Records excerpted from a collection
--------------------
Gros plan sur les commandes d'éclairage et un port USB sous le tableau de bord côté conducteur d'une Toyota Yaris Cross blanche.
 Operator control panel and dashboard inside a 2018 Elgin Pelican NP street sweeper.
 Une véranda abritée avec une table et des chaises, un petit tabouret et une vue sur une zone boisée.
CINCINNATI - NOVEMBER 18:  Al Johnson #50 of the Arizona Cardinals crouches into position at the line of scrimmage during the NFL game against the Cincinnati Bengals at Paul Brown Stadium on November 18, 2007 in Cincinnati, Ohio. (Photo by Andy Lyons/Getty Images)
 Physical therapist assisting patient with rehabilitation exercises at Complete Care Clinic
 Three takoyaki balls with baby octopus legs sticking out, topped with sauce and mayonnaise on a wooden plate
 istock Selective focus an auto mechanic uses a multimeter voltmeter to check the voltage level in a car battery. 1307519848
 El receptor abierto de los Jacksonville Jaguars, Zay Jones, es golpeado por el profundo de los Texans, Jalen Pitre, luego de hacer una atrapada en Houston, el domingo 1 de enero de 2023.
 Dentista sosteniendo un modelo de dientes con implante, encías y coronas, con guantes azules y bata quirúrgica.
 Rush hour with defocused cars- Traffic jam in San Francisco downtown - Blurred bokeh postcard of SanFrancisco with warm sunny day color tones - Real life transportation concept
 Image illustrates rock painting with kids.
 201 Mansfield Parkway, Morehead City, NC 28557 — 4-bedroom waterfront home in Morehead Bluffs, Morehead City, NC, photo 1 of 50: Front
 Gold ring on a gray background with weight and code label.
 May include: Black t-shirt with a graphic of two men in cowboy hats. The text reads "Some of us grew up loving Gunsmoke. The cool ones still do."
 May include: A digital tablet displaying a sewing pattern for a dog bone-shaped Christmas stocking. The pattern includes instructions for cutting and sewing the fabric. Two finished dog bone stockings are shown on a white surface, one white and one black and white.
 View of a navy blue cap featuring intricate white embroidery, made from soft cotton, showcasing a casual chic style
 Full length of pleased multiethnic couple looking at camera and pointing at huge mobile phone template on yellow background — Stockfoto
--------------------
Quote every line from the beginning of the entries up to and including the line that contains "istock Selective focus".

→ **Answer box**:
Gros plan sur les commandes d'éclairage et un port USB sous le tableau de bord côté conducteur d'une Toyota Yaris Cross blanche.
 Operator control panel and dashboard inside a 2018 Elgin Pelican NP street sweeper.
 Une véranda abritée avec une table et des chaises, un petit tabouret et une vue sur une zone boisée.
CINCINNATI - NOVEMBER 18:  Al Johnson #50 of the Arizona Cardinals crouches into position at the line of scrimmage during the NFL game against the Cincinnati Bengals at Paul Brown Stadium on November 18, 2007 in Cincinnati, Ohio. (Photo by Andy Lyons/Getty Images)
 Physical therapist assisting patient with rehabilitation exercises at Complete Care Clinic
 Three takoyaki balls with baby octopus legs sticking out, topped with sauce and mayonnaise on a wooden plate
 istock Selective focus an auto mechanic uses a multimeter voltmeter to check the voltage level in a car battery. 1307519848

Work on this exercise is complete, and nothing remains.